Lo cual no hace sino poner de relieve cómo venimos atendiendo a un proceso de modificación de las cualidades definitorias del líder, entre las que destacan, más allá de la mera cualificación técnica y profesional, susceptible de aprendizaje a través de la formación académica y experiencia práctica, las del gestor como persona. No nos engañemos, en dos palabras, un líder ha de ser una buena persona, en el sentido más llano de la expresión. Ha de ser lo que los códigos clásicos definían como un hombre bueno, caracterizado por su integridad y honestidad personal y por la asunción de la responsabilidad derivada de sus propias actuaciones. Como en tantos otros órdenes de la vida, nada nuevo bajo el sol, que diría el clásico.

Lo que sí despierta nuestra atención, especialmente a este lado del Atlántico, es la regulación positiva que de tales cualidades y criterios de actuación viene realizándose por las empresas norteamericanas a través de los códigos de conducta a los que sus empleados han de adherirse en el desempeño de sus funciones, lo cual tiene su aspecto positivo, por cuanto pone de manifiesto, particularmente ante el mercado, los valores con los que la compañía se identifica y que le ayudan en su posicionamiento diferenciado frente a la competencia. Lo cual no obsta, sin embargo, para que tales códigos ofrezcan un lado oscuro y generador de desconfianza. Piensen mal y acertarán, porque muy bien podríamos caer en la tentación de entender que muy mal debía estar la situación para que tuviera que recurrirse a la regulación escrita del comportamiento individual.

Si una empresa establece normas de conducta, lo que procede es su cumplimiento, pues otra cosa resultaría del todo incoherente

Repito que la situación puede resultar de difícil comprensión al entendimiento de un español, acostumbrado a una defensa a ultranza de la separación del ámbito personal y profesional, donde en muy contadas ocasiones y generalmente con marcado carácter penal, la conducta personal puede llegar a condicionar el devenir profesional del individuo.

Cierto es que nos hemos familiarizado con los códigos de conducta en el mercado de valores, que tienen como finalidad fundamental la de evitar el aprovechamiento de información privilegiada por los operadores y todo con un carácter, como puede apreciarse, eminentemente profesional, que para nada toma en consideración la esfera privada del sujeto afectado por la normativa indicada. Y me atrevería a decir que pueden parar de contar.

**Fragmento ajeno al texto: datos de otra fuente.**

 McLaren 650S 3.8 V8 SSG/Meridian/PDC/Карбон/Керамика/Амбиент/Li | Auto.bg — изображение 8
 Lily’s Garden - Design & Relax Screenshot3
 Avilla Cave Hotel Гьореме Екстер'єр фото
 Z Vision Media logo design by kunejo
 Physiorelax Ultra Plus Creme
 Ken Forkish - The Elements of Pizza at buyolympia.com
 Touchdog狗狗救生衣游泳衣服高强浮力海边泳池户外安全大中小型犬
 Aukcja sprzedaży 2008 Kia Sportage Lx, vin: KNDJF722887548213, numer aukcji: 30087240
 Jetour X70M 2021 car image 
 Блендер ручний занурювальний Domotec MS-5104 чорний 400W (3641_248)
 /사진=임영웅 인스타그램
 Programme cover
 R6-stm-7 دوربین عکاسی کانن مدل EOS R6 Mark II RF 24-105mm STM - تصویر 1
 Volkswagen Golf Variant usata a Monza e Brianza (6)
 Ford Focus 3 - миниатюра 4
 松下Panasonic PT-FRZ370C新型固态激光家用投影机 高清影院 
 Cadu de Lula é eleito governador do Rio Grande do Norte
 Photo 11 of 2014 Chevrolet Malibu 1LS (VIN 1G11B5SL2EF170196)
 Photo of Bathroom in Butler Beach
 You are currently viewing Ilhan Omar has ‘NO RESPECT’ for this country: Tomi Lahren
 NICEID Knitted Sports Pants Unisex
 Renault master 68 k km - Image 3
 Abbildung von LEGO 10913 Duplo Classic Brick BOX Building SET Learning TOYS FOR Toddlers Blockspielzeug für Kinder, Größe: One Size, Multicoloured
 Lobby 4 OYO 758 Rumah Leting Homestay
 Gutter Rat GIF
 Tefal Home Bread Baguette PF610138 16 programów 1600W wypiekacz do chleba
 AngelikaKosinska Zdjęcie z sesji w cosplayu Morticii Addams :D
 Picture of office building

Pero, a diferencia de nuestro Viejo Continente, los códigos norteamericanos ahondan mucho más en las conductas personales de los sujetos obligados y abarcan y efectivamente regulan, de este modo, el comportamiento individual del empleado, estableciendo las consignas de actuación que, inspiradas en los valores superiores predicados por la compañía, supeditan y subordinan en última instancia al individuo respecto de la corporación empresarial. Y precisamente esto ocurre en un país, como Estados Unidos, que si por algo ha querido caracterizarse desde su independencia es por enarbolar la bandera del individualismo, a veces exacerbado incluso. Pero, paradojas de la vida, resulta que el hombre puede ser víctima de su creación empresarial. Perverso del todo.

Ahora bien, dejando de lado la bondad o perversión de los códigos de conducta, lo cierto es que haberlos, los hay, por lo que procede su cumplimiento, pues otra cosa resultaría del todo incoherente. Y si hay alguien que debe pasar por ellos es, precisamente, quien los ha promovido e impulsado, como parece haber ocurrido con el dimitido presidente de Boeing, víctima final de su propia regulación por la que prohibía las conductas que pudieran cuestionar o poner en entredicho la reputación y el buen nombre del grupo empresarial.

Sólo nos queda lamentar que su dimisión haya tenido que ser forzada por el Consejo de Administración.